* [DATASET EXCERPTS]:
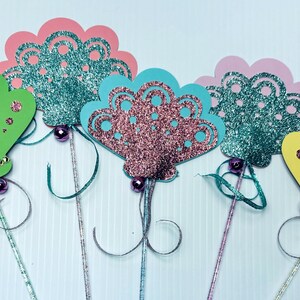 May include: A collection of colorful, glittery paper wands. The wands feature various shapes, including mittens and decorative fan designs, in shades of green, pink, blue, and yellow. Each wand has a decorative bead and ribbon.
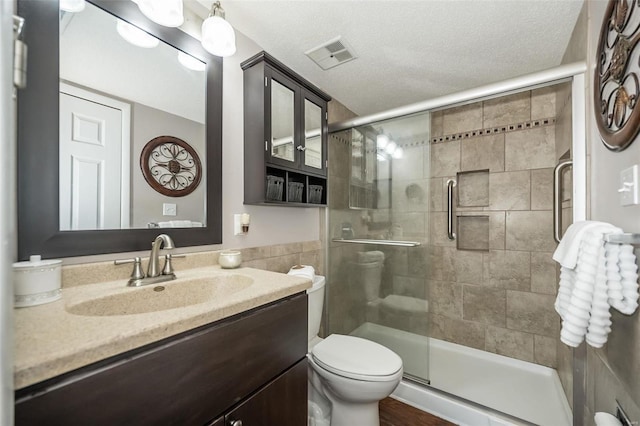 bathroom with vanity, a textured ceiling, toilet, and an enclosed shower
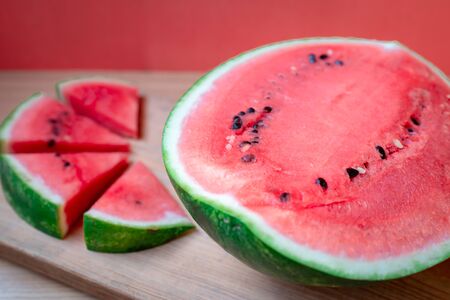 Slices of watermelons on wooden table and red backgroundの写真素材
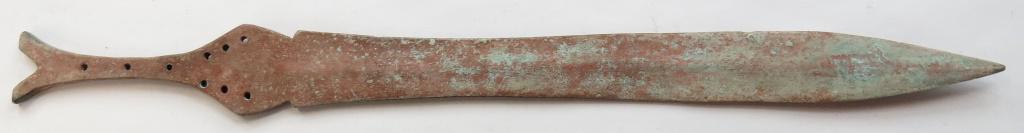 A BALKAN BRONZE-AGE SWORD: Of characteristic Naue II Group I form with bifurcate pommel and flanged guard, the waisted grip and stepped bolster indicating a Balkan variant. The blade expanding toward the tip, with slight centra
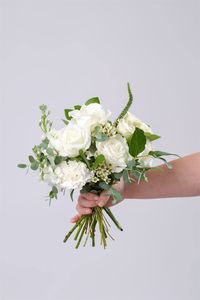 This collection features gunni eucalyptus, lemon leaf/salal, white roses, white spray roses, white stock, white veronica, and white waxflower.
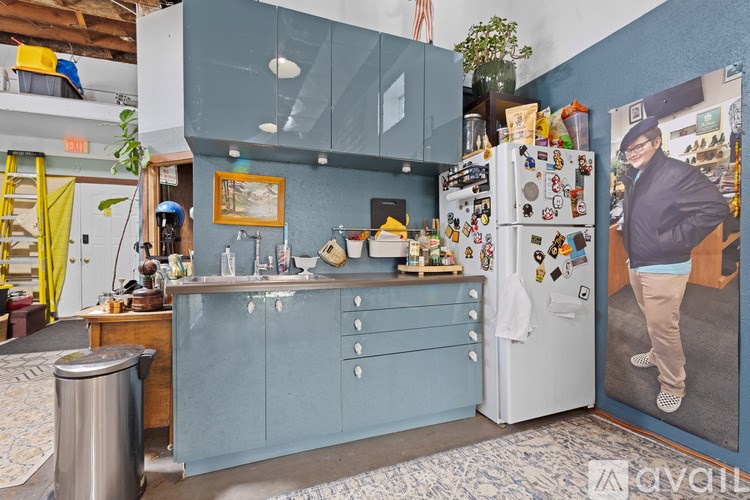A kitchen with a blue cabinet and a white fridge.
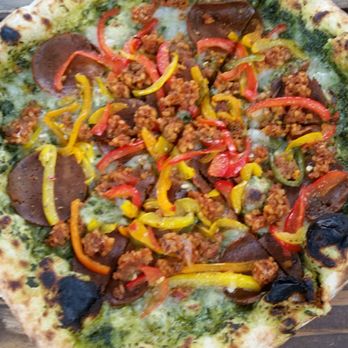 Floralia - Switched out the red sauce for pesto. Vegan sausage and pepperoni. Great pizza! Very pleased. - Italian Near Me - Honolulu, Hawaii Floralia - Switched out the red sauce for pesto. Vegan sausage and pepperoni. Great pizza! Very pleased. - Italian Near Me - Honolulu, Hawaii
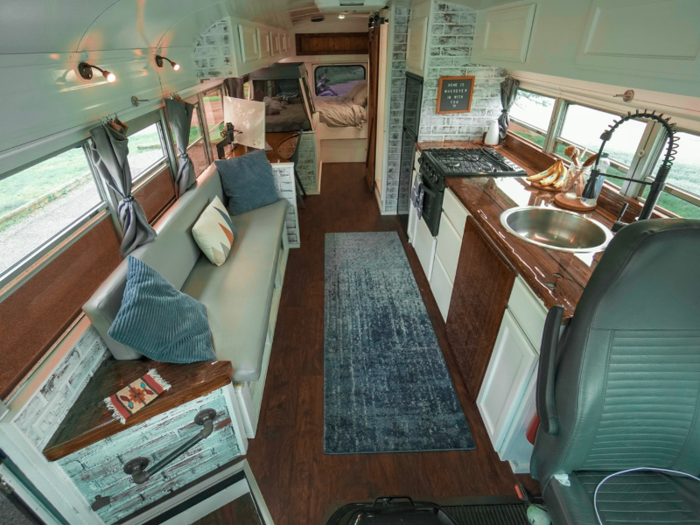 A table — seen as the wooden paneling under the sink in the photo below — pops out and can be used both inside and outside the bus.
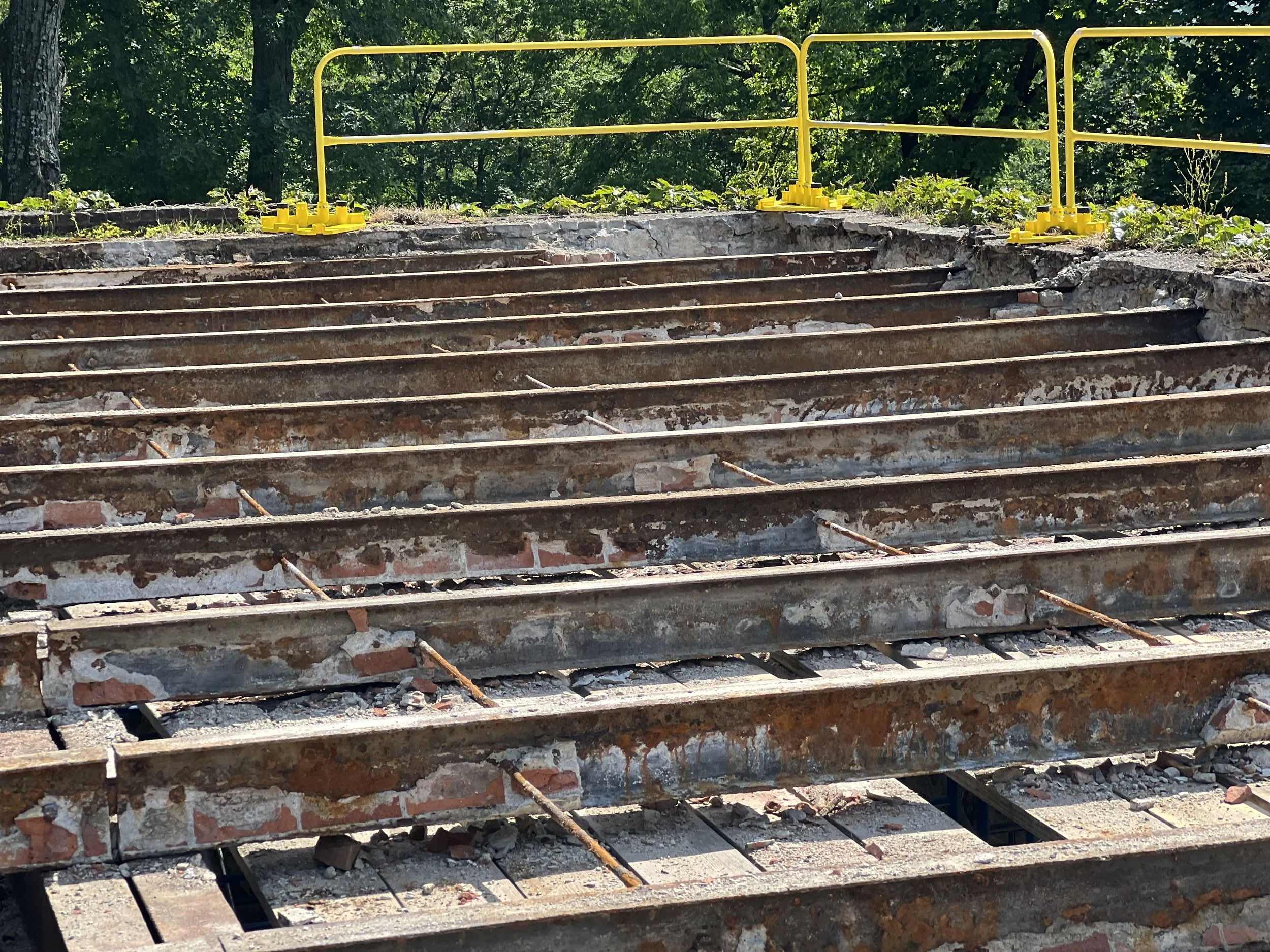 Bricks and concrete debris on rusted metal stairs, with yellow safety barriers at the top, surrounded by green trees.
...
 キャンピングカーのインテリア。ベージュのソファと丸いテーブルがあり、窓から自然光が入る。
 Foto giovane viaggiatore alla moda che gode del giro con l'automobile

* [PROBLEM REQUIREMENTS]: Print an exact copy of the lines above, from the one containing "A BALKAN BRONZE-AGE" through the one containing "Bricks and concrete", and leave out the pictures.

* [OUTPUT FOR THIS EXERCISE]:
 A BALKAN BRONZE-AGE SWORD: Of characteristic Naue II Group I form with bifurcate pommel and flanged guard, the waisted grip and stepped bolster indicating a Balkan variant. The blade expanding toward the tip, with slight centra
 This collection features gunni eucalyptus, lemon leaf/salal, white roses, white spray roses, white stock, white veronica, and white waxflower.
A kitchen with a blue cabinet and a white fridge.
 Floralia - Switched out the red sauce for pesto. Vegan sausage and pepperoni. Great pizza! Very pleased. - Italian Near Me - Honolulu, Hawaii Floralia - Switched out the red sauce for pesto. Vegan sausage and pepperoni. Great pizza! Very pleased. - Italian Near Me - Honolulu, Hawaii
 A table — seen as the wooden paneling under the sink in the photo below — pops out and can be used both inside and outside the bus.
 Bricks and concrete debris on rusted metal stairs, with yellow safety barriers at the top, surrounded by green trees.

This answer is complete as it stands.